Given data.
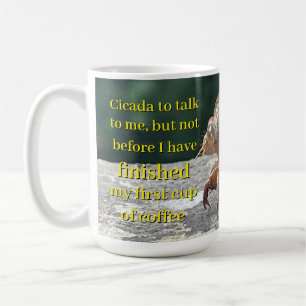De Café Cicada 15oz. Caneca
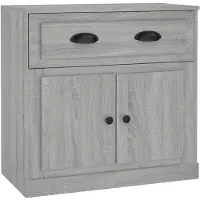 vidaXL Sideboards 2 Stk. Grau Sonoma Holzwerkstoff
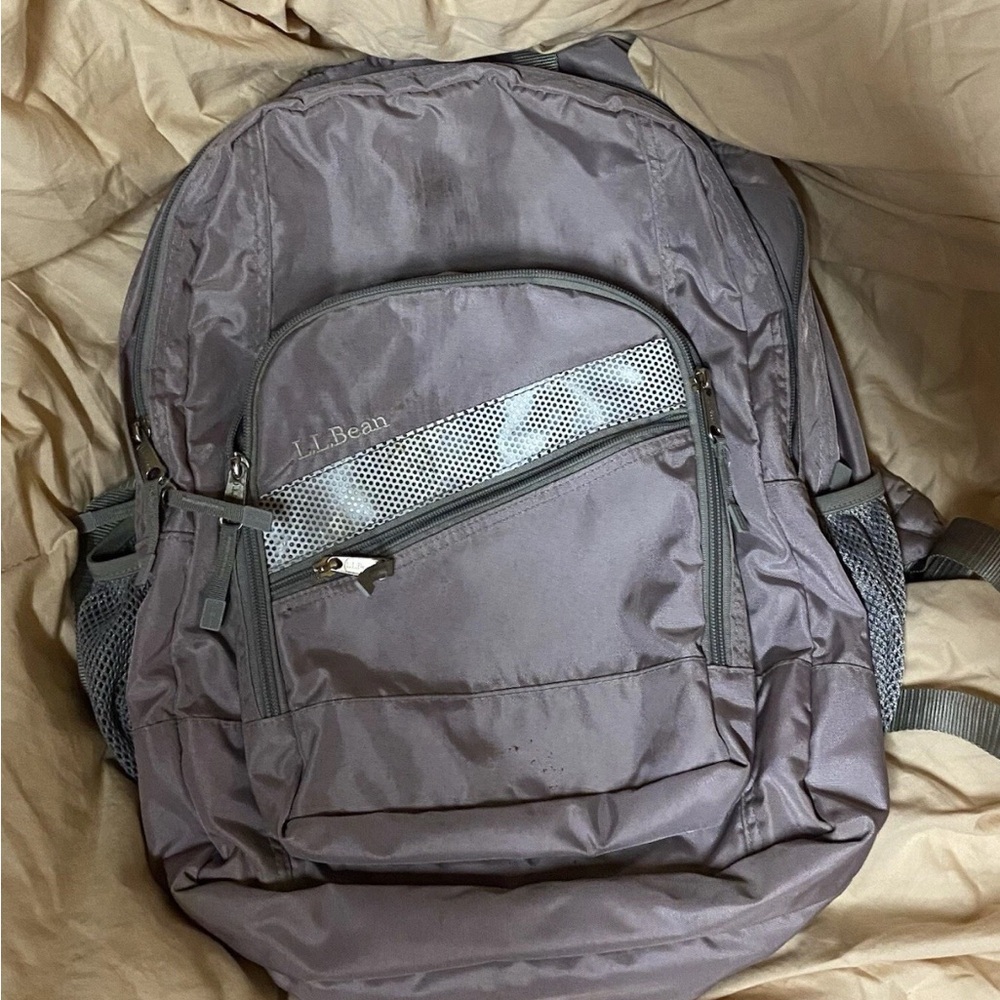 L.L. Bean purple Backpack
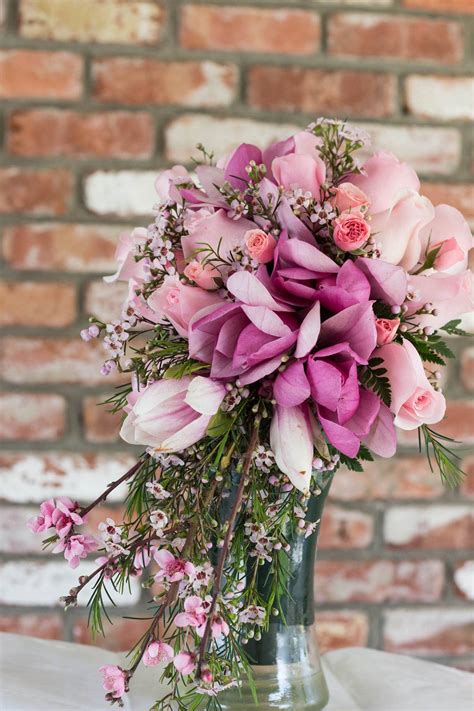 Magnolia Cascade Bridal Bouquet in San Jose, CA | Bee's Flowers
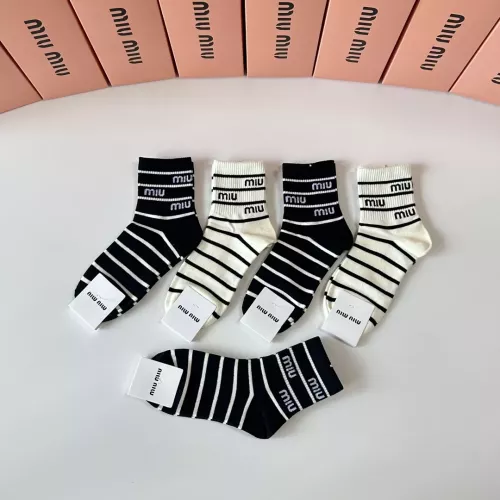 Cheap MIU MIU Socks #1345935 Replica Wholesale [$27.00 USD] [ITEM#1345935] on Replica MIU MIU Socks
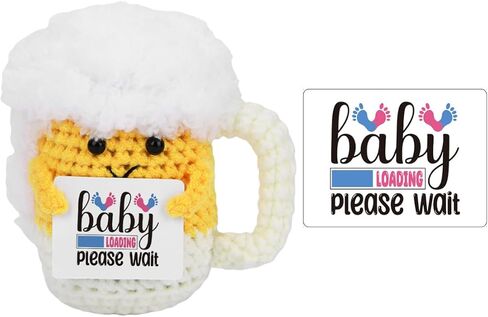 أمي لتكون هدايا مضحكة الحمل هدايا إعلان الطفل للعمة أمي الجديدة تتوقع الأمهات الحوامل النساء لأول مرة الحمل الأم تكشف عن أفكار الهدايا دمية الكروشيه مصنوعة يدويا (دمية 1312) in Kuwait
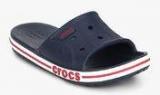 Crocs Bayaband Slide Navy Blue Flip Flops women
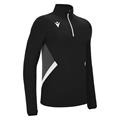 Piave 1/4 Zip Top BLK/WHT M Teknisk treningsgenser - Unisex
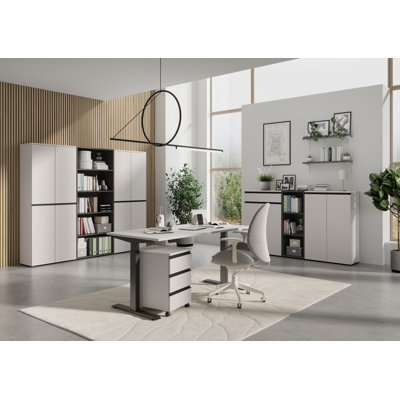 Bonares 40cm Wide 3 -Drawer Mobile File Cabinet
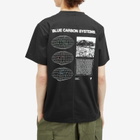 Space Available Men's Blue Carbon Systems Infographic T-Shirt in Black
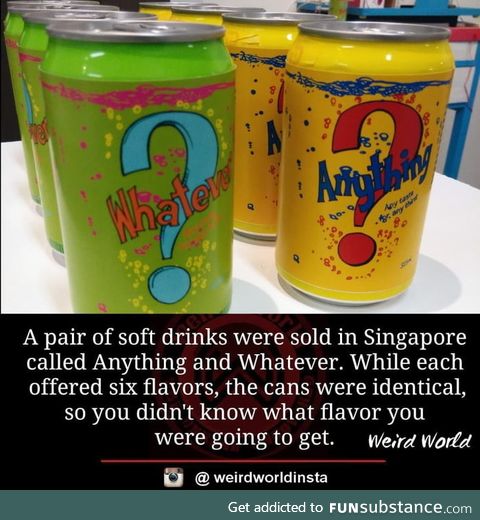 Singapore used to have this funny drinks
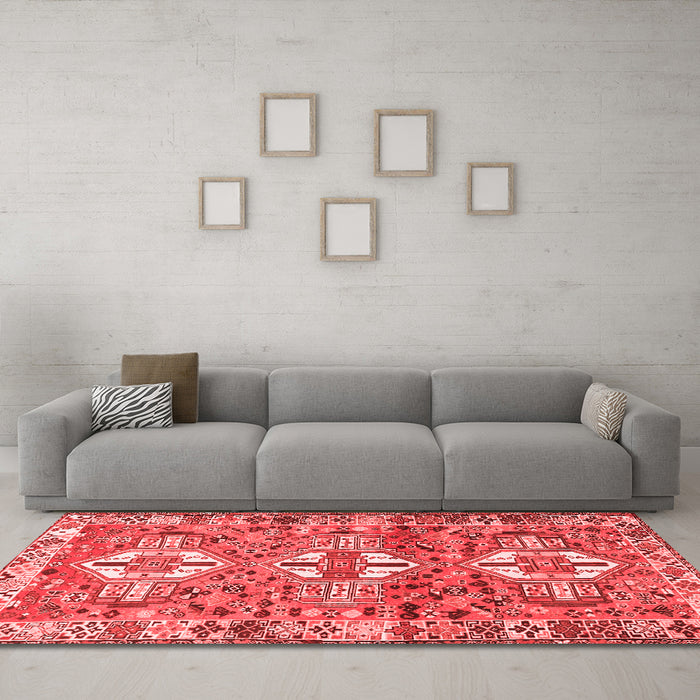 Traditional Red Washable Rugs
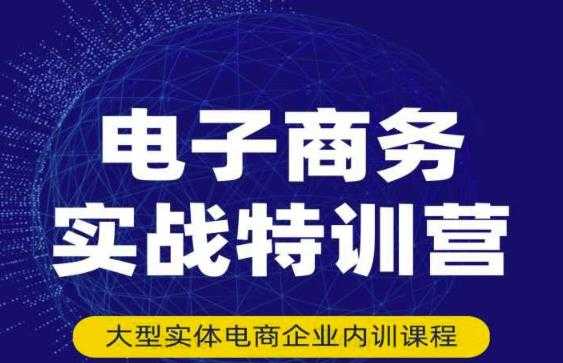 图片[1]-民赛电气内部出品：电子商务实战特训营，全方位带你入门电商，308种方式玩转电商-冒泡网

Work request.
All that is needed here is the run of lines from the one containing "Traditional Red Washable Rugs" through the end of the material above, reproduced exactly and without pictures.

Written solution.
 Traditional Red Washable Rugs
 图片[1]-民赛电气内部出品：电子商务实战特训营，全方位带你入门电商，308种方式玩转电商-冒泡网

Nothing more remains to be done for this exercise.